How to Buy Healthy Foods, Without Breaking the Bank

March 02, 2012

Here are a few of Phil's tips to eat healthier and save money

These days, more of us are trying to improve the nutrient quality of the foods we eat, whether it is avoiding certain added ingredients or choosing foods that contain more nutrients. As food prices continue to rise, however, it is getting harder to do. So here are a few of my tips to eat healthier and save money:

1. Don't skip the leafy greens! Kale, arugula, and spinach are some of the most nutritious and affordable foods you will find in a grocery store. The darker the color of the leafy green, the more nutritious it is because of the antioxidant, beta-carotene. Many salad greens are also a good source of vitamin C, potassium and fiber. Rather than buying the pre-packaged bags of lettuce, go for the fresh heads. They are cheaper. However, if your store has those automatic misters, and the greens are priced per pound, be sure to shake off the excess water.

2. Canned tomatoes are a good source of the heart-healthy antioxidant, lycopene, which your body absorbs more easily from canned tomatoes than it does from raw tomatoes. It is time to make your own pasta sauce from crushed tomatoes: just add a tablespoon of olive oil and some spices, and you'll have a great sauce for about a buck (rather than three to six dollars), and you'll be avoiding those added sugars and other ingredients. The new MyPlate recommendations call for doubling our consumption of red and orange vegetables to two servings a day, and this is an easy way to do just that. Look for canned tomatoes that are naturally steam peeled. Most use chemical processes.
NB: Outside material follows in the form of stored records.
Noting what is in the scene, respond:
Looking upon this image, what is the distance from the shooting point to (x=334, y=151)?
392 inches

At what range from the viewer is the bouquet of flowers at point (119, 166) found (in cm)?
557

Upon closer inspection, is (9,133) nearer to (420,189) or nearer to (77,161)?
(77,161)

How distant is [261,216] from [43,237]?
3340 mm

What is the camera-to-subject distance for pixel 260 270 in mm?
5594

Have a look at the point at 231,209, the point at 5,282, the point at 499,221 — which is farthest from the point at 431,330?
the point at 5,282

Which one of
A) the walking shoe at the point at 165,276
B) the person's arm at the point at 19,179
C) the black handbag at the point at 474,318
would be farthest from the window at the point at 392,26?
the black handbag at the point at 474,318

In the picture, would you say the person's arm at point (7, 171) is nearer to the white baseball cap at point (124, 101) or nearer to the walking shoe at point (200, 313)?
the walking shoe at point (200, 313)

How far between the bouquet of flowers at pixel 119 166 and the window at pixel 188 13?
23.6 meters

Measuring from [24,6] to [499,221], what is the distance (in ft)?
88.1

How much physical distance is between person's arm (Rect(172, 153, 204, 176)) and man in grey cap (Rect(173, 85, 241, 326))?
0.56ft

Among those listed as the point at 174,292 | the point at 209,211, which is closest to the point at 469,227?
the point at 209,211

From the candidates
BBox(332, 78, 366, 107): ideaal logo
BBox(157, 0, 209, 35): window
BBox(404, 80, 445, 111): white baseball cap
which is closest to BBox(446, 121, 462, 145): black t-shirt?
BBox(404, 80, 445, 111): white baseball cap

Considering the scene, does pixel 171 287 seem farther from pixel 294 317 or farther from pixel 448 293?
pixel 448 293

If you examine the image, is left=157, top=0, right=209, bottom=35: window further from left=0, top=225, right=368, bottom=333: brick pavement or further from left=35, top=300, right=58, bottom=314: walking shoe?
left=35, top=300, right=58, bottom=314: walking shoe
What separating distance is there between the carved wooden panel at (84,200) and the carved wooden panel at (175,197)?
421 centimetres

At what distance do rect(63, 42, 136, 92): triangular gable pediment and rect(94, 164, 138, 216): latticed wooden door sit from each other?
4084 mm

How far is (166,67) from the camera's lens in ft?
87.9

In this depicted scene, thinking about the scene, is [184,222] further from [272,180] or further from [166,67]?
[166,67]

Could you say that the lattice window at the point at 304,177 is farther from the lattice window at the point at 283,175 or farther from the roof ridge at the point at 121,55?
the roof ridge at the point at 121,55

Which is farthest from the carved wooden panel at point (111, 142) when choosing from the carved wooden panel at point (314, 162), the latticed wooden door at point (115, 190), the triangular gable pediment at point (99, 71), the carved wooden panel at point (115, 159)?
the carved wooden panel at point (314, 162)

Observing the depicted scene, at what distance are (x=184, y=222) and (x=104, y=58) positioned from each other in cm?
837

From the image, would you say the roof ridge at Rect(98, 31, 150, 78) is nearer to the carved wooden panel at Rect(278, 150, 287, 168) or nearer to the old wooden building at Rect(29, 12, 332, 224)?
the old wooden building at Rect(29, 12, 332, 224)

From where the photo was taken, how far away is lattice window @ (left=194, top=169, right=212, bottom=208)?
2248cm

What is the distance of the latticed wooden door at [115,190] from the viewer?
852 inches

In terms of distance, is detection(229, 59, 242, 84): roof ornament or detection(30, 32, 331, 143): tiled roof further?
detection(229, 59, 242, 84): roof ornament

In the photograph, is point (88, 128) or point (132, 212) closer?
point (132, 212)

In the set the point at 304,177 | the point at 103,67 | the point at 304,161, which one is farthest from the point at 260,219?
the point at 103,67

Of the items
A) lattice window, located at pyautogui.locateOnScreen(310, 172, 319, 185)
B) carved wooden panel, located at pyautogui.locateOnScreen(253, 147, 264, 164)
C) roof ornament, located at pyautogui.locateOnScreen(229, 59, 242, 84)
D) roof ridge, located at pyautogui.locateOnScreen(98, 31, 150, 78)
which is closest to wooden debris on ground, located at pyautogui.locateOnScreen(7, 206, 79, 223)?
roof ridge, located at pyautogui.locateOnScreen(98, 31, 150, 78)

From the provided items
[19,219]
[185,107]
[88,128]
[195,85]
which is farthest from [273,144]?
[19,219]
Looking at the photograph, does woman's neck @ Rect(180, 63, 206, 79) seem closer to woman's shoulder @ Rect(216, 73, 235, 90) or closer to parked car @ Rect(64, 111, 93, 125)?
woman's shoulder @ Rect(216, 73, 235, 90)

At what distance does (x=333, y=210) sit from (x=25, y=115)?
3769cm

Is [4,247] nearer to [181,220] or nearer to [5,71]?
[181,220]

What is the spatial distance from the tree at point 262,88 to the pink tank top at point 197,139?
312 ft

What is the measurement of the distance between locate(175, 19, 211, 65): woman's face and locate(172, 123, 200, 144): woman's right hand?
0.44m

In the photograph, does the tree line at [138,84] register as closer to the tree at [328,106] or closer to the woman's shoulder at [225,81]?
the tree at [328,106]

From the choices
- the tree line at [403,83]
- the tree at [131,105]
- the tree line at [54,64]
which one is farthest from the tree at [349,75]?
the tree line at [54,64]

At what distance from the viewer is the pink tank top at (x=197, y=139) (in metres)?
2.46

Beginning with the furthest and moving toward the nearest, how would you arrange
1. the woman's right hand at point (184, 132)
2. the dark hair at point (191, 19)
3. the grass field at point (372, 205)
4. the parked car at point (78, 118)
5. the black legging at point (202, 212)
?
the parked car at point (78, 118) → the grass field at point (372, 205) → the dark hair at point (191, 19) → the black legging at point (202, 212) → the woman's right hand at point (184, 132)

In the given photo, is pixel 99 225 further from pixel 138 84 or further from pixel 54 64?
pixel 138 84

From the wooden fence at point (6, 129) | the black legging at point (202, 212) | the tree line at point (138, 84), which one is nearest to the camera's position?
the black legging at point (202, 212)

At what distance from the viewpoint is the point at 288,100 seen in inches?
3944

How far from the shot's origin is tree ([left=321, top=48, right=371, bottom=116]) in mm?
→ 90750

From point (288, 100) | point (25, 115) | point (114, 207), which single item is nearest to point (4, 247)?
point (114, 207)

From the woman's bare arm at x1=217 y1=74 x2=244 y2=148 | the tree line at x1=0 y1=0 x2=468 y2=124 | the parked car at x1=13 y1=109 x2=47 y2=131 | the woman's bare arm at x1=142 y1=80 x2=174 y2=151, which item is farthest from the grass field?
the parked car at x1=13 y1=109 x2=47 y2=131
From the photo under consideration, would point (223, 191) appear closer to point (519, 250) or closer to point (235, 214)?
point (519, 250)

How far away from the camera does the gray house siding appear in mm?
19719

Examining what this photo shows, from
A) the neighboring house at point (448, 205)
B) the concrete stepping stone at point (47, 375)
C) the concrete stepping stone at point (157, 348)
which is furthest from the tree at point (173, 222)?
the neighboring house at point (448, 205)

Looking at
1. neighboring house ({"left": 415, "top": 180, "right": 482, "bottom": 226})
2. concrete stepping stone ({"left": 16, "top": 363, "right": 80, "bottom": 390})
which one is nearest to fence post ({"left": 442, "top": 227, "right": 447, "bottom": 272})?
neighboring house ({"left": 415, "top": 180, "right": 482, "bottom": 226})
3. I grew up in a dairy family. My grandfather was a dairy farmer in Belleville, New Jersey, and I love natural cheeses. Because of the "Standard of Identity," set by the USDA Federal Standards, natural cheeses like Swiss, Cheddar, and Monterey Jack that are aged for the same time from the same state, are the same quality, whether they are bought from the dairy case, deli or cheese table. Cheeses from the dairy case are wrapped in clear plastic, versus fancier packaging found elsewhere, and may save you up to 40 percent.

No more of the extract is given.